If a dish is has too much of anything the remedy is "Solution by Dilution"

Solely, adding other ingredients is masking. You will still likely have those overpowering flavors unless you dilute the original dish with a substantial amount of other ingredients. I feel you have the best success by adding more of what is already in the dish.  Seems like a lot of trouble but you should quickly make up a small pot of chili with no spices, and add it to the pot you already made. Even if it is just a basic recipe because you probably have no meat left, but you could use tomato, onion, and other ingredients that you have.

Or you can leave the chili like it is, and run out and get another six pack of beer to chase it down with. lol


----------



## buckytom (Jan 24, 2012)

unless your hubby is gordon ramsay on a bender, i wouldn't worry about the integrity of the dish. it's chili, for pete's sake. not exactly a precision recipe.
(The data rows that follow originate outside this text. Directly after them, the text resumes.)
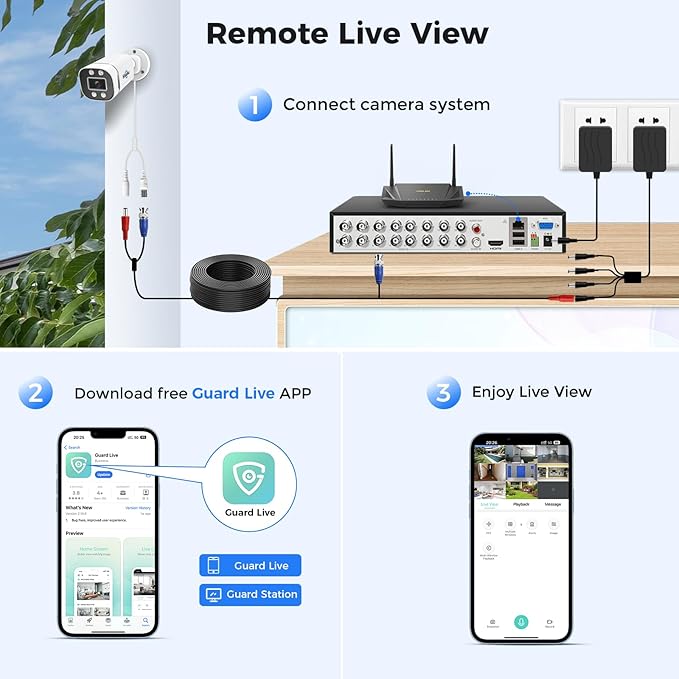 Hiseeu 16CH 3K Wired Security Camera System with Smart Dual Light,Audio,Vehicle/Person Detection,5MP 16CH DVR,16PCS 5MP IP67 Outdoor Indoor Surveillance CCTV Cameras,3TB HDD for 24/7 Home Security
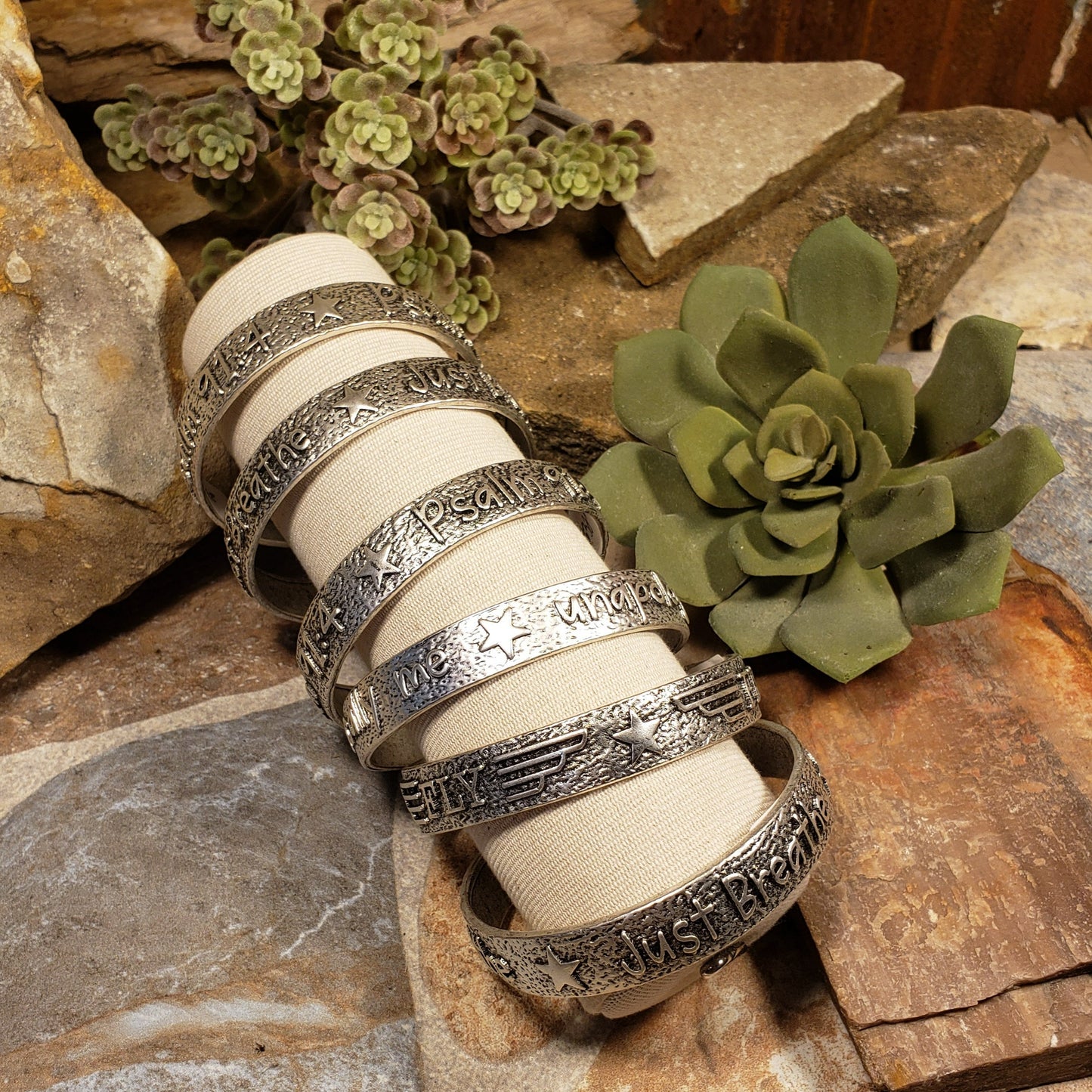 Silver Just Breath Bangle Bracelet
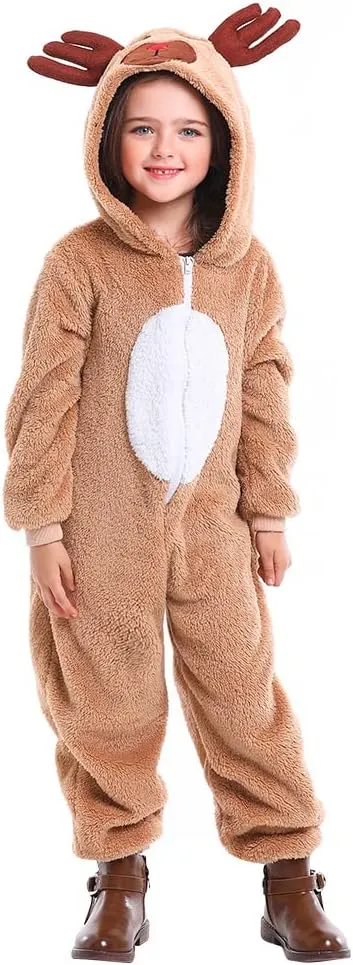 capacity ornament Costume Unisex Deer Animal Onesie Party Jumpsuit Seasons Christmas Costume Reindeer Child 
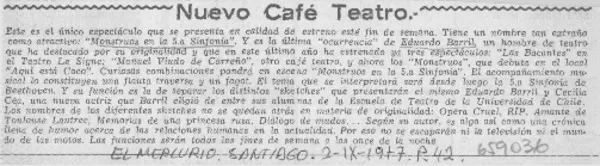 Nuevo café teatro.  [artículo]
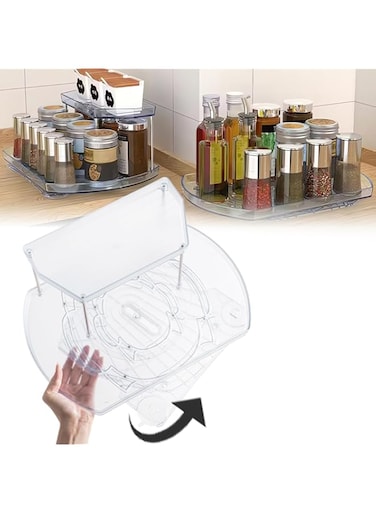 Excefore 360 Degree Rotating 2 Tier Spice Rack Organizer for Kitchen and Bathroom, Clear Antiskid Pull Out Storage Shelves, Ideal for Pantry and Medicine Bottles, 16.5 x 11 Inches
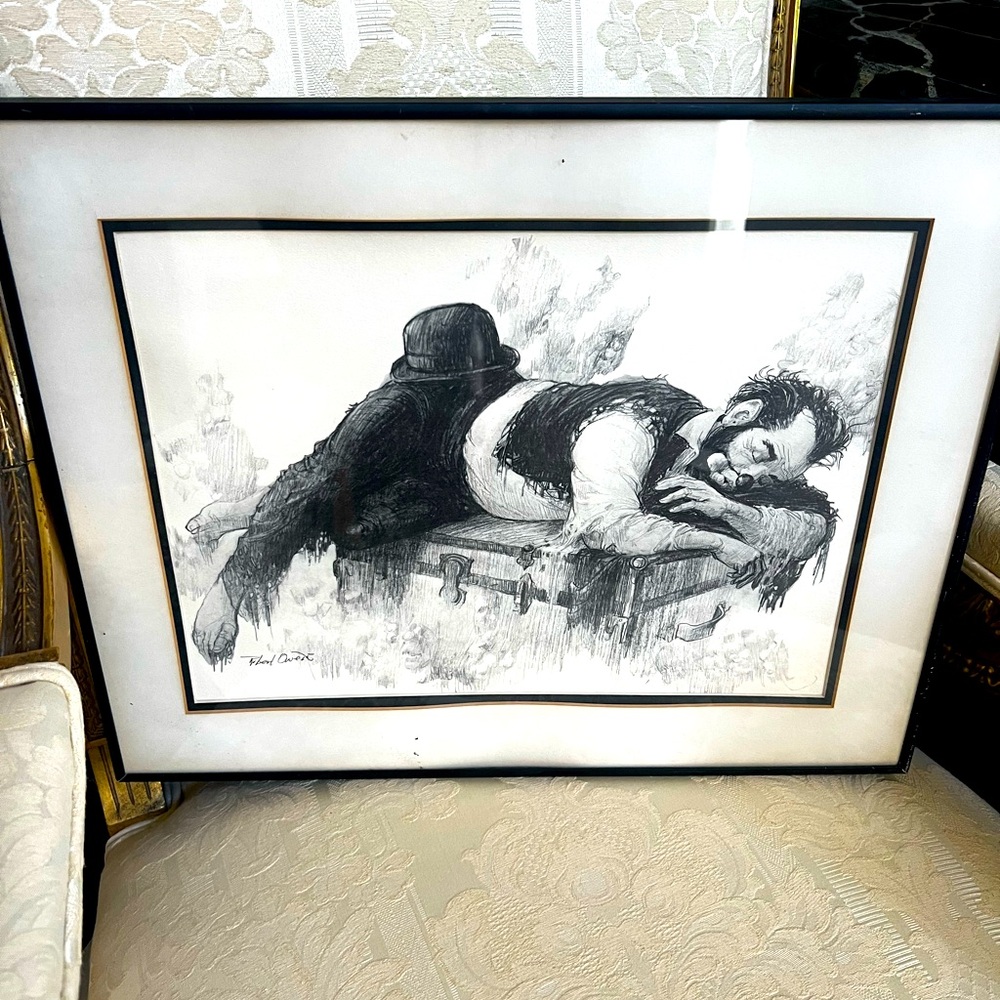 Vintage Black and White Framed Art Print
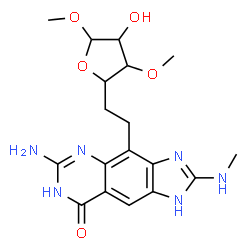 ChemSpider 2D Image | Methyl 6-[6-amino-2-(methylamino)-8-oxo-7,8-dihydro-1H-imidazo[4,5-g]quinazolin-4-yl]-5,6-dideoxy-3-O-methyl-beta-D-ribo-hexofuranoside | C18H24N6O5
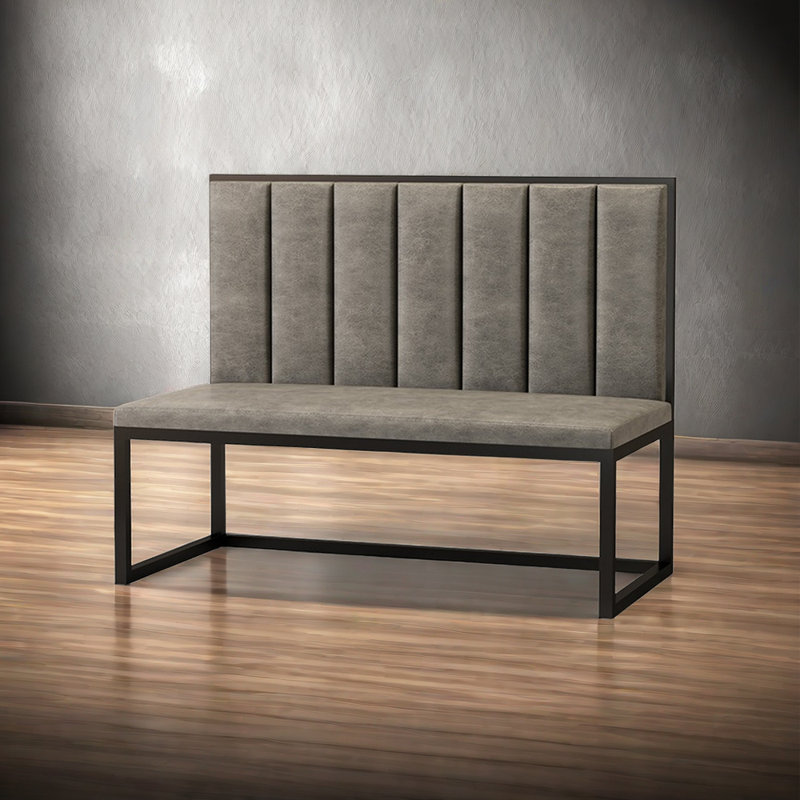 Faux Leather Upholstered Bench, Gray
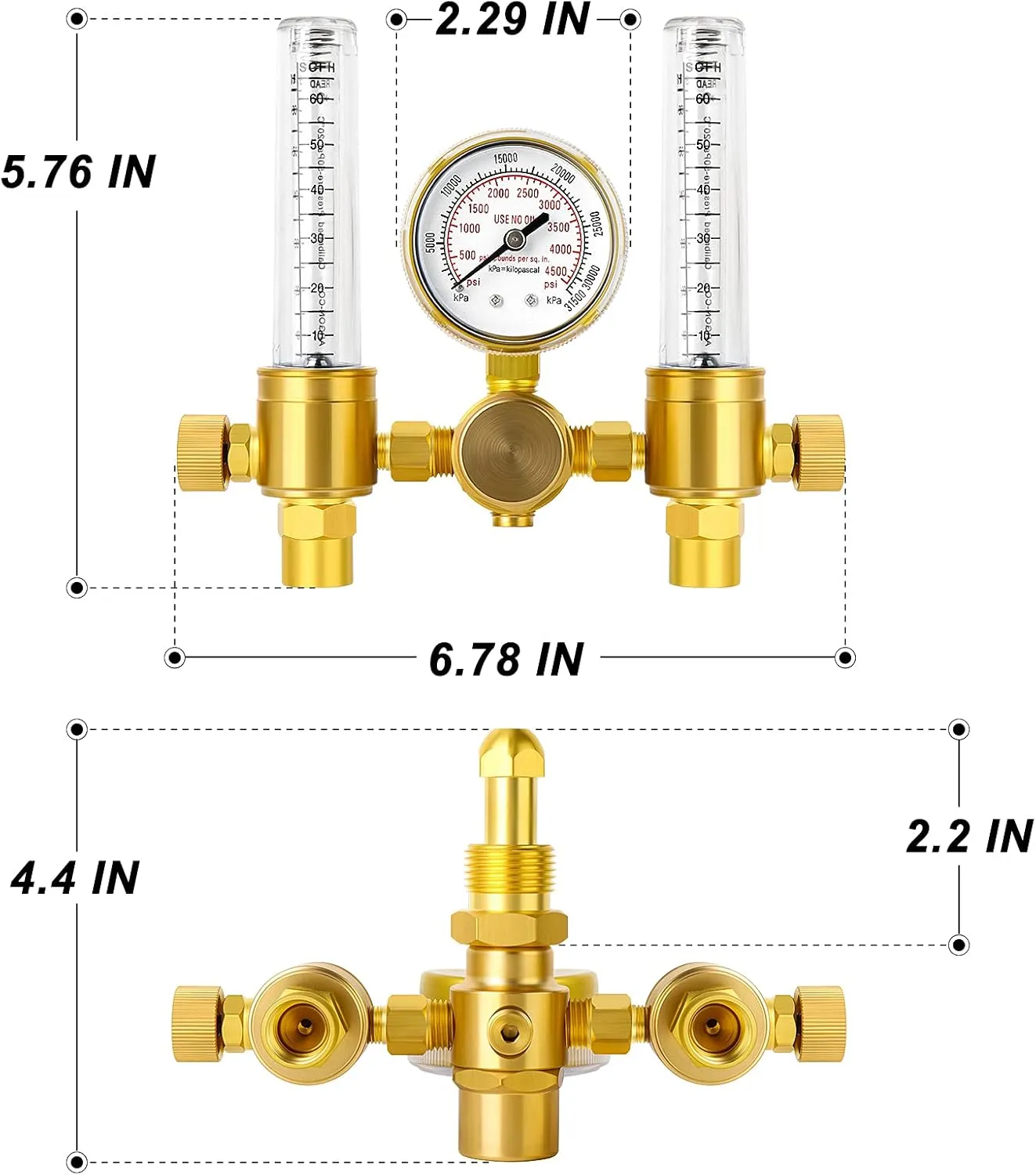MEANLIN MEASURE Argon Regulator Flow Meter with 6.5 Feet Hose,CGA580 Inlet Connection,5/8" x 18RH Outlet Fitting,Dual Output Argon Welding Flowmeter for TIG MIG Welder
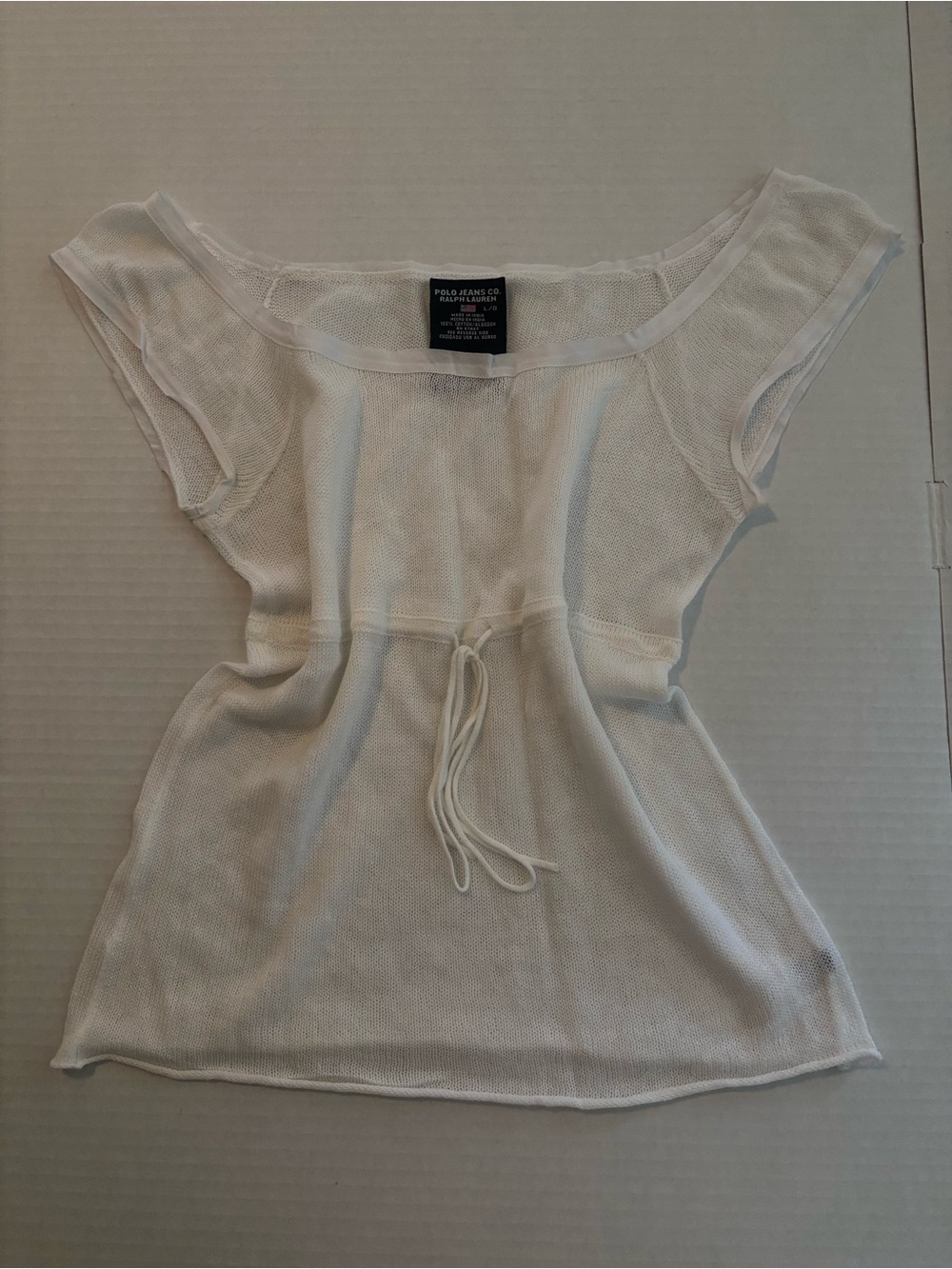 Polo by Ralph Lauren White off the shoulder babydoll Top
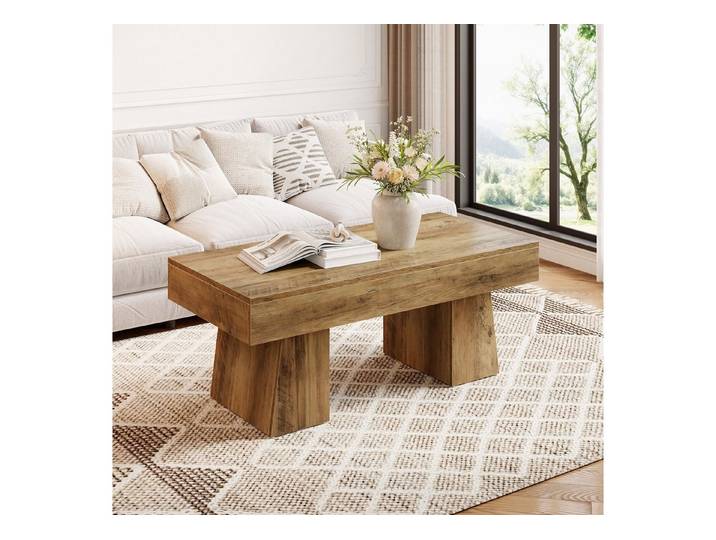 Tribesigns Couchtisch 120x60x50cm Landhaus Wohnzimmertisch mit stabiler Basis Braun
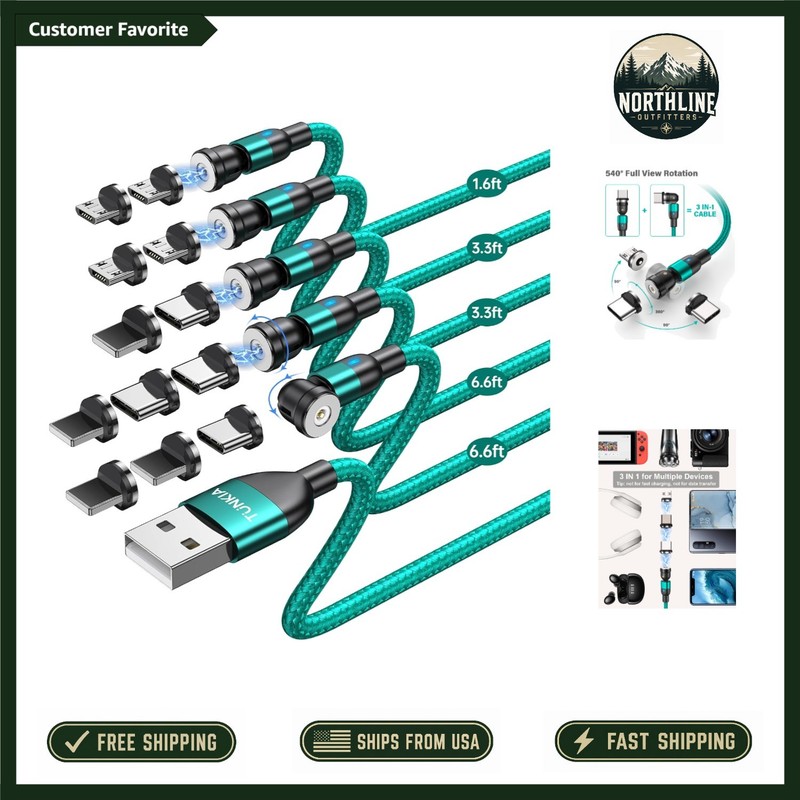 Magnetic Charging Cables – Braided, 360° Rotation & Dustproof for All Devices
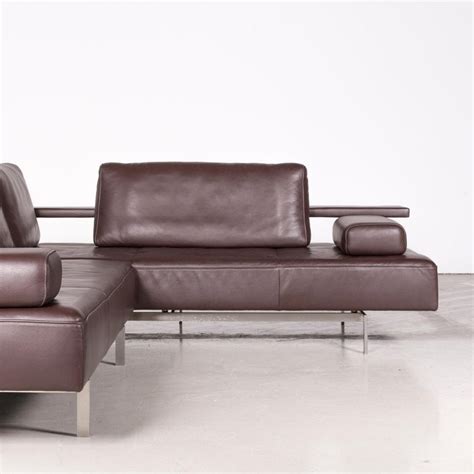 Rolf Benz Dono Designer Leather Corner Sofa Brown Genuine Leather Sofa Couch at 1stDibs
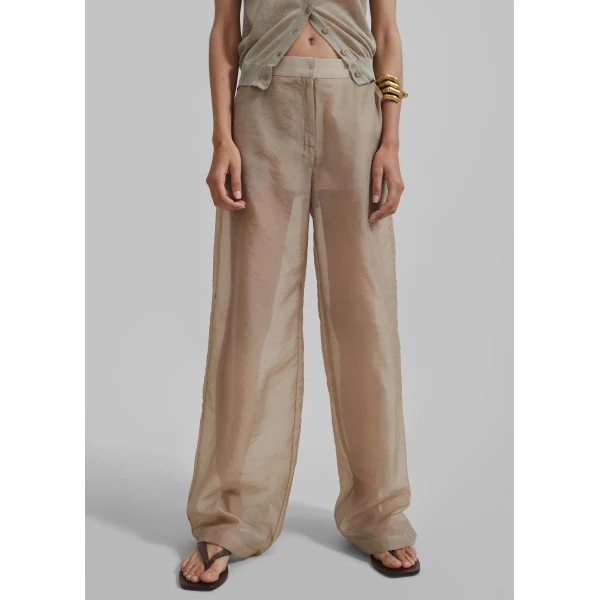The Frankie Shop Abra Sheer Trousers – Beige, view 4
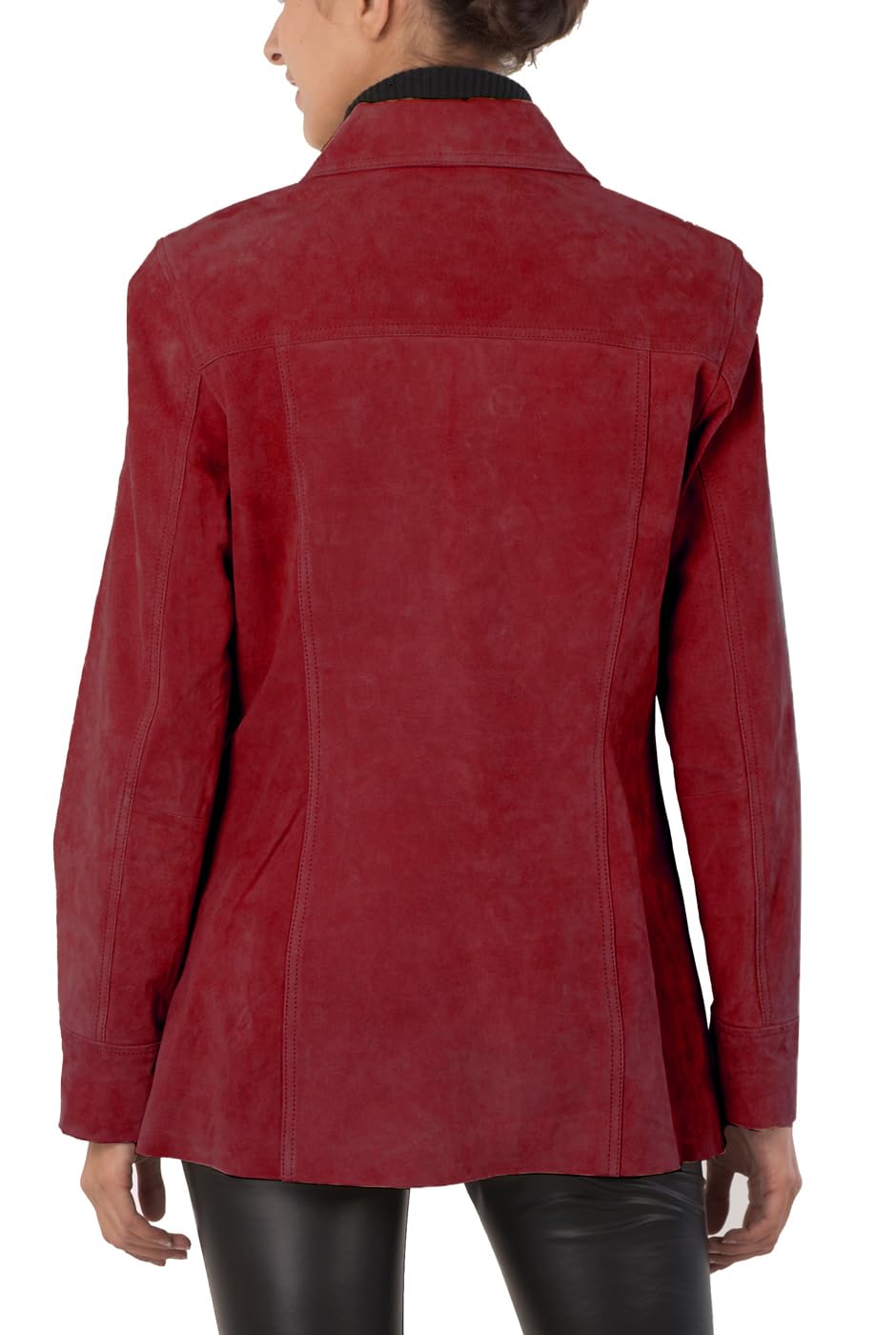 BGSD Women Anna Suede Leather Car Coat (Also available in Plus Size & Petite)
besides the good tips offered so far, you can take a tip from thailand/malaysia when it comes to dealing with heat and experiment with adding peanut butter or ground peanuts to the chili.

peanut butter/peanuts help tame the heat from chilis in many thai dishes, and it'll add another level of flavour to your chili that you might like. ground peanuts would also add texture.


----------



## jennyema (Jan 25, 2012)

Soma said:


> I always serve sour cream, AND yogurt, AND milk with hot foods....
> 
> I'm wondering if adding some tiny diced potatoes would help?...( or have helped...I know it's too late now, but for next time...)
> 
> or are potatoes simply to reduce an over-salted dish? I've tried that a few times, then removed the potatoes (not diced, too time-consuming to remove diced).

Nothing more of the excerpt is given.